Por: Rui Guedes – Páginas Amarelas
A globalização reduziu alguma da magia existente na descoberta, já que passámos a saber quase tudo por antecipação, relativamente a um qualquer local a que uma viagem nos leve. Antes de partirmos já vimos fotos do hotel e dos locais a visitar e quando chegamos ao destino nem sequer damos relevo ao facto de vermos aquela bebida ou aquela loja.
Ouvia recentemente o jornalista e historiador Germano Silva dizer que nas suas caminhadas diárias descobria constantemente coisas novas. Talvez esteja aqui um dos elixires da juventude: a capacidade de se deixar deslumbrar pelas pequenas coisas e a disponibilidade para absorver o muito que a realidade tem para nos oferecer.
Nem todos terão o talento de ver o simples para além do óbvio, mas também é certo que em muitos casos os cenários são de tal forma impactantes, que difícil seria não ver. Uma das coisas que imediatamente retive numa primeira incursão pelo território de Macau, foi um conjunto de enormes prédios em construção, envolvidos por um emaranhado pouco fácil de descodificar. A curiosidade levou a que me fosse aproximando. Percebi então que se tratava de andaimes, feitos com tubos de bambu.
Explorando um pouco mais o assunto, soube que se tratava de uma técnica milenar chinesa, que continuava suportada na evidência de estarmos perante um material leve, flexível, durável, adaptável, fácil de movimentar, amigo do ambiente, resistente e especialmente recomendado em zonas mais propensas à ocorrência de sismos.

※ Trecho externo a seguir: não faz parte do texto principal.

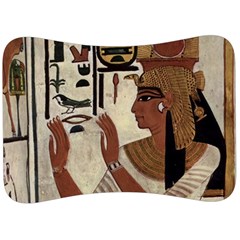 Hieroglyphics-goddess-queen Velour Seat Head Rest Cushion by Bedest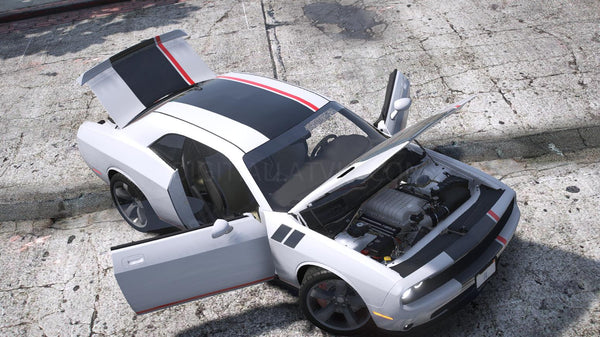 Dodge Challenger 2016 | Abzeichen entfernt | Tuning | Vorlage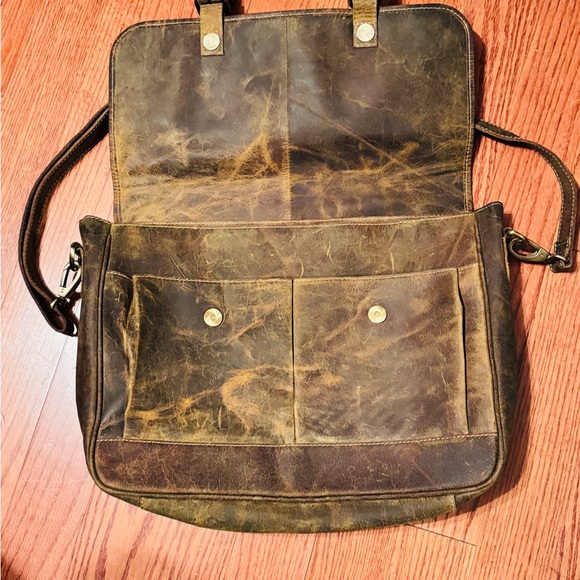 Myra Bag leather messenger. Used once. - Picture 4 of 8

Estando em causa uma estrutura altamente resiliente, interessa referir que o bambu é das plantas com maior rapidez de crescimento no mundo e as suas conexões são múltiplas, mas muito simples, já que dispensam a utilização de parafusos, abraçadeiras, etc.
Estas técnicas ancestrais parecem estar nos antípodas de uma transformação digital que corre vertiginosa e se tem evidenciado através de um conjunto de processos que, com recurso à tecnologia, alteram radicalmente a forma de se fazerem negócios, envolvendo mudanças que tocam em todos os aspetos de uma organização. Os diferentes profissionais confrontados com a exigência de adquirir novas competências técnicas, veem no upskilling ou no reskilling formas de não perder esta corrida, já que o tiro de partida há muito foi dado e esta é, portanto, uma viagem sem retorno.

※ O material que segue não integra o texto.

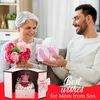 Ewige Echte Rose mit Herz Halskette (Ich Liebe Dich in 100 Produktbild-Vorschau 10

Peter Drucker terá dito que as pessoas eram contratadas pelas suas habilidades técnicas, mas eram demitidas pelos seus comportamentos. Ora este é um ponto fulcral já que, com formação académica e treino se pode ir ficando um especialista, mas é necessário perceber que as soft skills já estão na primeira linha das exigências.
Sem desvalorizar as competências que definem um comercial desta nova e aliciante era, deter-me-ia numa frase de Belmiro de Azevedo que poderia ser a síntese de uma formação em vendas: “O fundamental é ter, permanentemente, a cabeça aberta, ser curioso, ouvir, fazer perguntas inteligentes, partir sempre da hipótese de que tudo se pode fazer“.

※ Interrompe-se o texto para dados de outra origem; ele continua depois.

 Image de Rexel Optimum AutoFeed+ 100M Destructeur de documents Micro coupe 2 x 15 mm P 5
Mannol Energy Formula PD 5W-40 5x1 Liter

Esta citação por si só, é como que uma bíblia, mas temos de ir mais além, já que agora é evidente que um grande Consultor Comercial terá que ser leve, flexível e adaptável. Terá que ser capaz de se movimentar facilmente, ser resistente e estabelecer múltiplas conexões. Sim, com efeito, são os atributos dos andaimes de bambu, a tal sapiência milenar do oriente. Como se tudo isto já não fosse suficientemente claro, recordo a resiliência da estrutura e o seu uso em zonas sísmicas num paralelismo nítido com a instabilidade dos atuais mercados.
O bambu é amigo do ambiente, na esteira de um caminho que estamos obrigados a percorrer, e ainda consegue alertar-nos para a necessidade de uma rapidez no crescimento profissional rumo a uma carreira durável, suportada na capacidade de entregar resultados consistentes, sabendo que em cada mês há sempre um novo objetivo a ser superado.
Os desafios profissionais que enfrentamos em alturas de grande volatilidade arrastam consigo enormes oportunidades e arrancam do mais profundo de cada um de nós, muito do melhor que temos para dar. Trazendo para o nosso quotidiano o já citado emaranhado, mas agora explicitamente descodificado, ficamos mais preparados para acelerar este processo de transformação, mas com a pulsação a 60 bpm e um sorriso rasgado no rosto.
A Transformação Digital deixou de ser uma opção, pois está aí e vai continuar a agigantar-se em sismos sucessivos, independentemente das vontades individuais. Quanto à Transformação Pessoal, tudo é diferente pois cabe a cada um decidir se quer impedir que um sismo ocorra, ou se está disposto a oscilar tranquilamente réplica após réplica, sem deixar de colocar mais um tijolo no prédio que está a construir.